▶ **Extracted data**
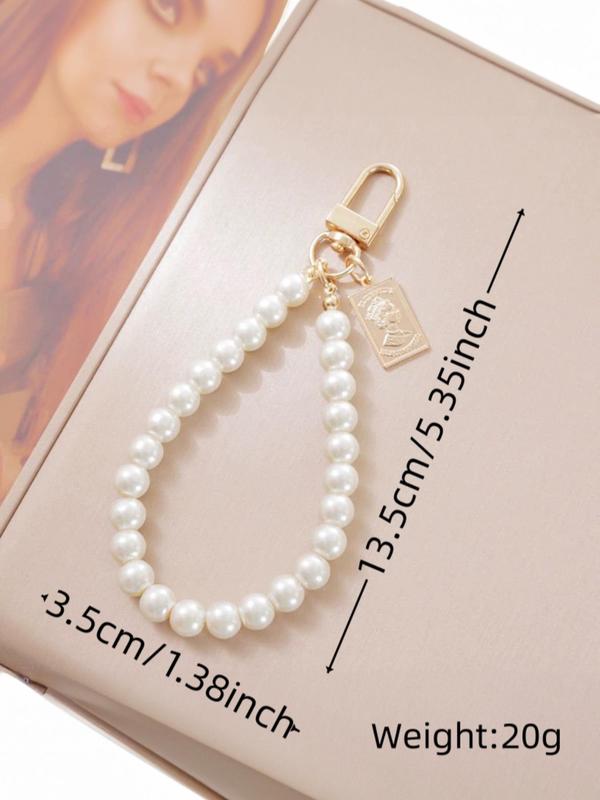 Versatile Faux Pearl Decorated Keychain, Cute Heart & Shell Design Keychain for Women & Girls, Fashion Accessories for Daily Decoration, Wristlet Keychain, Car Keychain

* * *

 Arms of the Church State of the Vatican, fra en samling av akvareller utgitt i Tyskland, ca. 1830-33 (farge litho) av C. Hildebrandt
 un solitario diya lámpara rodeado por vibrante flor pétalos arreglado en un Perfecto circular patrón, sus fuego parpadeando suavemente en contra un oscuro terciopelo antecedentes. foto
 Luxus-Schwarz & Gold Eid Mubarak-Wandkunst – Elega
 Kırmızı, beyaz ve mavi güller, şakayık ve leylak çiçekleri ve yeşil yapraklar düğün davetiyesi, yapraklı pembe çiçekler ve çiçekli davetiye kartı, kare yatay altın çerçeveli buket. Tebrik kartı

---

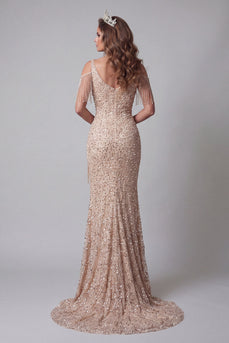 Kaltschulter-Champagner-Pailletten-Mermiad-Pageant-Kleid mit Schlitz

▶ **Action item**
For the material above, reproduce exactly the lines from the line with "Luxus-Schwarz & Gold" to the line with "Kırmızı, beyaz ve", inclusive, and exclude all others.

▶ **Solution below**
 Luxus-Schwarz & Gold Eid Mubarak-Wandkunst – Elega
 Kırmızı, beyaz ve mavi güller, şakayık ve leylak çiçekleri ve yeşil yapraklar düğün davetiyesi, yapraklı pembe çiçekler ve çiçekli davetiye kartı, kare yatay altın çerçeveli buket. Tebrik kartı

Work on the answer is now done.